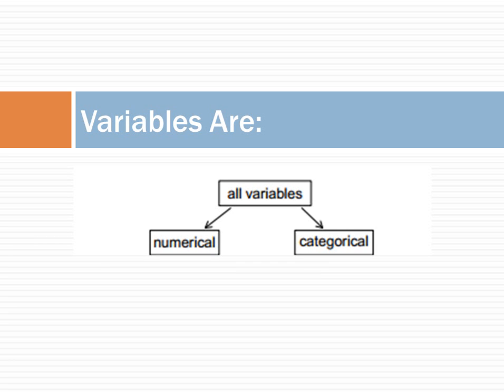Variables are either numerical or categorical. A numeric variable can take a wide range of numeric values and it is sensible to add, subtract, or take averages with these values. An example is a dollar amount of expenses.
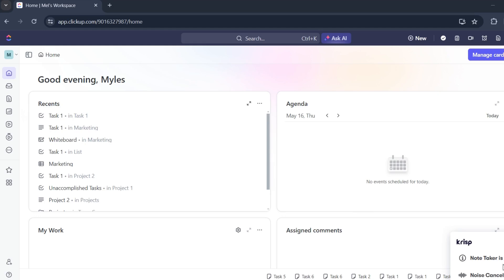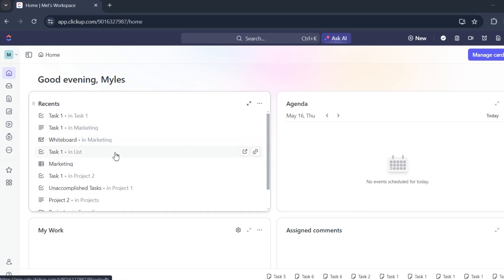First, make sure you're on your homepage. From here, click whatever task you'd like.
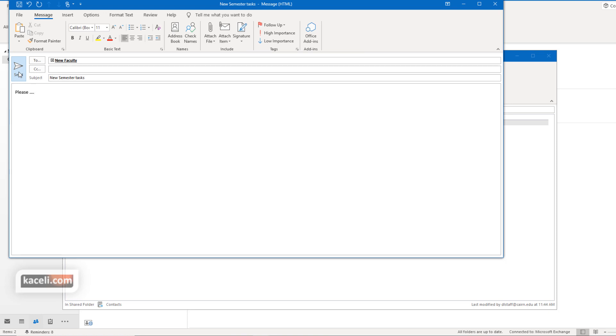Now keep in mind also the distribution lists you cannot make them with thousands and thousands of email addresses. That's because certain email systems they will limit the number of recipients within a distribution list. So therefore it's best to have those lists in smaller chunks or smaller parts if you're going to have hundreds of them.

* [EXERCISE AIM]
Copy all the material exactly; omit images.

* [RESPONSE TO THE TASK]
Variables are either numerical or categorical. A numeric variable can take a wide range of numeric values and it is sensible to add, subtract, or take averages with these values. An example is a dollar amount of expenses.
First, make sure you're on your homepage. From here, click whatever task you'd like.
Now keep in mind also the distribution lists you cannot make them with thousands and thousands of email addresses. That's because certain email systems they will limit the number of recipients within a distribution list. So therefore it's best to have those lists in smaller chunks or smaller parts if you're going to have hundreds of them.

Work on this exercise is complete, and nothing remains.